Limited Liability Companies (SRLs) continued to dominate the business landscape with 9,582 registrations , followed by Individual Enterprises (PFAs) with 5,068 registrations .
Business Ecosystem Health Assessment
The Romanian business ecosystem shows signs of healthy dynamism despite the high churn rate. The positive net growth of 2,516 businesses and health ratio of 1.2 indicate that new business formation continues to outpace exits. The decrease in suspensions and deregistrations year-over-year suggests improved business conditions or more efficient regulatory processes.
However, the increase in dissolutions warrants monitoring, as it may indicate businesses facing structural challenges or owners choosing formal closure over temporary suspension. The concentration of exits in major urban centers like Bucharest reflects both the density of business activity and potentially higher competitive pressures in these markets.

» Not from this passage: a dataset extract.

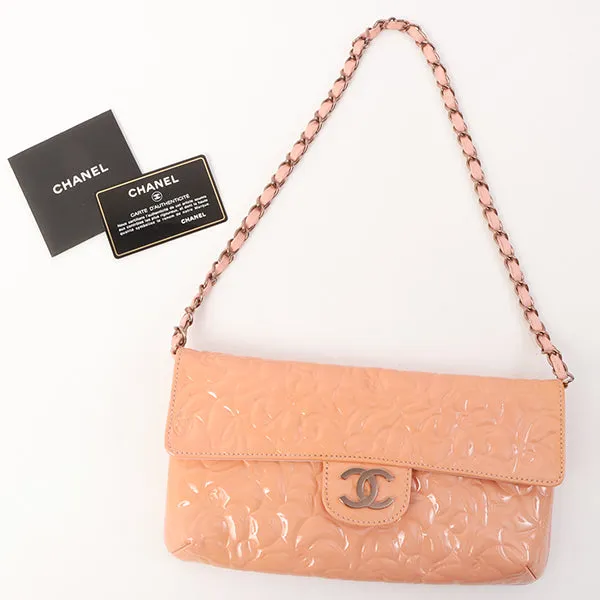 Chanel Around 2003 Made Patent Camellia Motif Classic Flap Chain Bag Salmon Pink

The sectoral analysis reveals a shift toward production and logistics-oriented businesses, with manufacturing and transport showing exceptional growth. This may indicate broader economic trends toward industrial development and supply chain optimization.
Overall, while the business churn rate remains high at 83.28%, the ecosystem demonstrates resilience through continued net positive growth and a balanced health ratio. The data suggests a dynamic business environment where creative destruction operates alongside steady new business formation, characteristic of a maturing market economy.